If you see a picture in the data below, omit it and copy the rest exactly.

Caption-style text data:
⟨

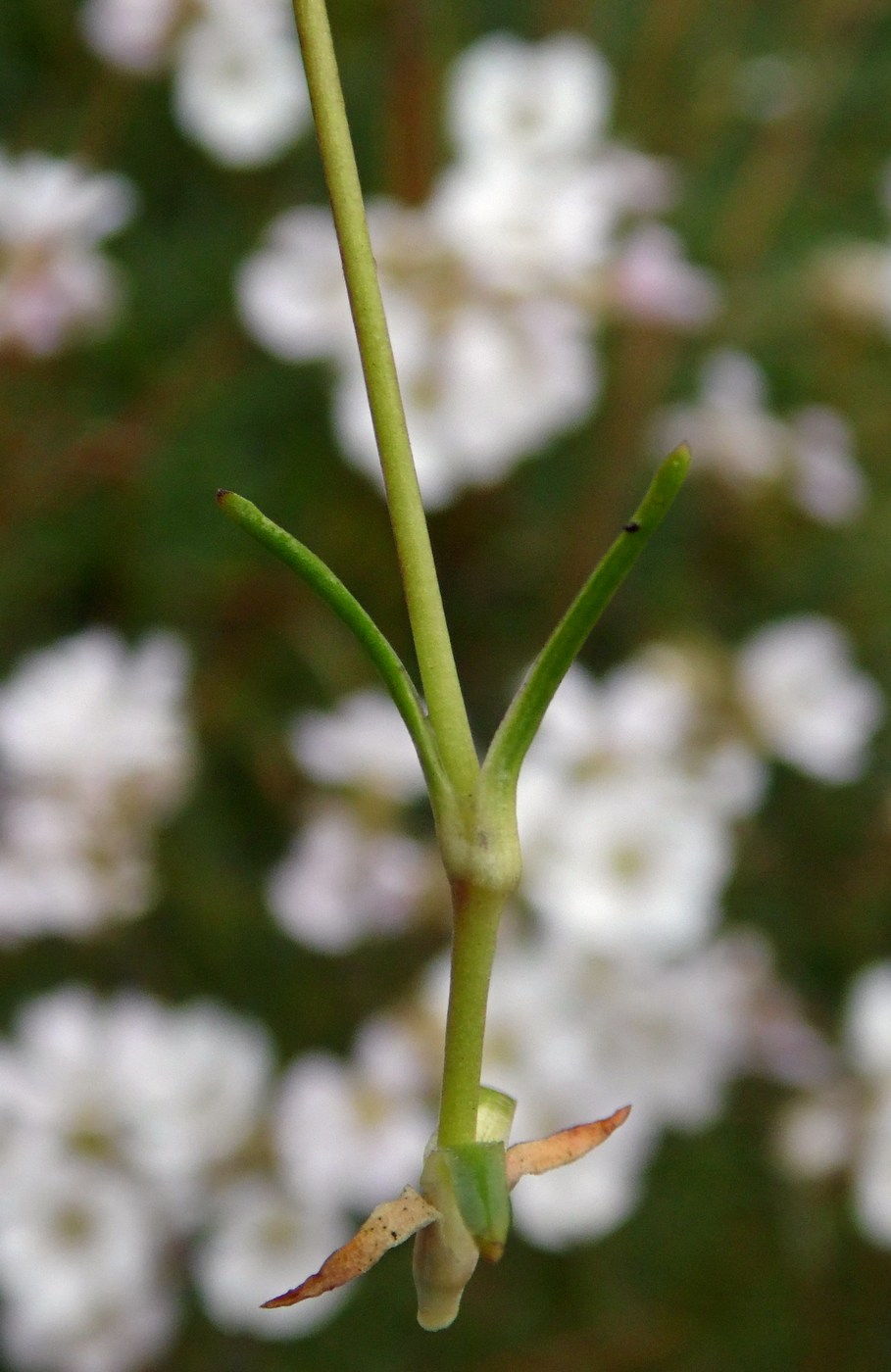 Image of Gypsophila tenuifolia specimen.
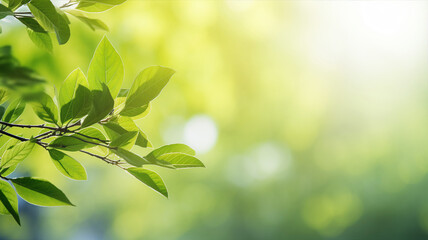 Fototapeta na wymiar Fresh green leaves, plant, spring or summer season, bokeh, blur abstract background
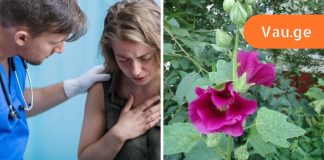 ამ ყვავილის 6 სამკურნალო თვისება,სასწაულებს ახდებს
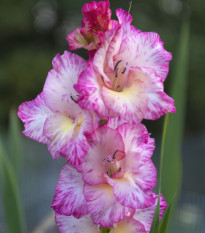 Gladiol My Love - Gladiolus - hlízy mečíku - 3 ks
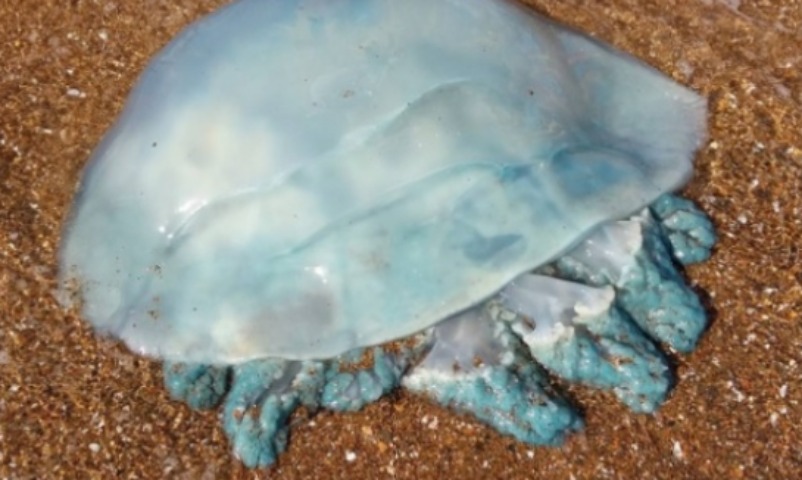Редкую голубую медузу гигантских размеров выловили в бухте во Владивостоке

⟩

**EXPECTED ANSWER**
 Image of Gypsophila tenuifolia specimen.
 Fototapeta na wymiar Fresh green leaves, plant, spring or summer season, bokeh, blur abstract background
 ამ ყვავილის 6 სამკურნალო თვისება,სასწაულებს ახდებს
 Gladiol My Love - Gladiolus - hlízy mečíku - 3 ks
Редкую голубую медузу гигантских размеров выловили в бухте во Владивостоке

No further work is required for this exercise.